Residents in the Leicester road community, in constituency 106, in the central Freetown, have informed this medium about an imminent plan to march on state house, in a peaceful demonstration to inform the president about their perceived feeling of neglect, as they have been without electricity for over a year and half now.
The residents have held meetings where they reached a consensus to stage a peaceful demonstration to state house, where they hope to have audience with President Koroma and present their grievances to him.
Residents who spoke to this reporter expressed regret that authorities concern have been slow to respond to their demands in respect of the damaged transformer, despite several representations.
An aggrieved resident, Bala Mansaray told Concord that since the construction of the road at Leicester junction, the community has been in total darkness, and blamed the National Power Authority for their failure to install a new transformer after the previous one was damaged.
Mansaray opined that if the community had high placed officials in governance, the problem would have been fixed, and that they have been marginalize by the government because many residents are middle and low earning citizens. He revealed that as a result of no electricity in the area, thieves raid homes almost on a daily basis, with residents living in fear of their lives as some of the robber often resort violence.
Adama Kamara, a house wife, said her husband was recently stabbed by thieves while returning home from work. She said her husband was stabbed on his way home, while the robbers made away with his bag containing money and other valuables.

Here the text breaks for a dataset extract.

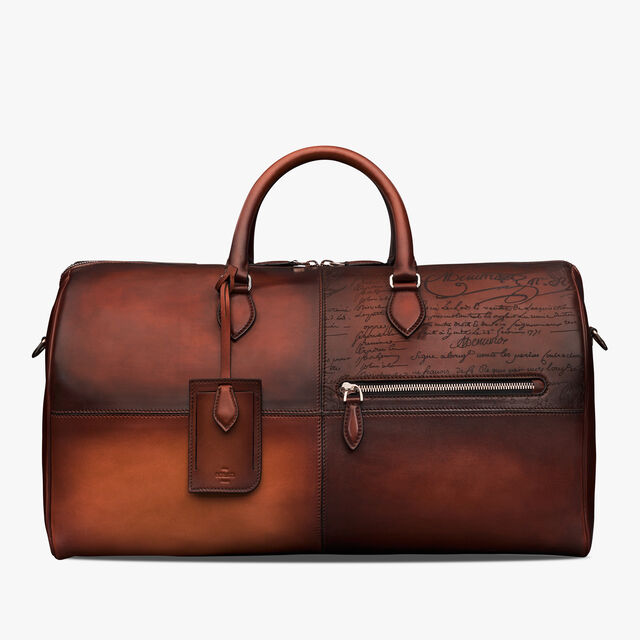 Jour Off MM Scritto Leather Travel Bag, CACAO INTENSO, hi-res 1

She also lamented the economic impact of the constant power outage in the area as parents have had to resort to buying candles for their children and wards to study at night, which portends serious fire hazard.
Officials at the NPA have blamed the problem on the ongoing road construction in the area. They alleged that Compagnie Sahélienne d'Entreprises (CSC) engineers were to blame for the damaged transformer, and that the Senegalese company should pay the cost of fixing a new transformer.
This reporter could not reach officials of the CSE for their comments as they were available.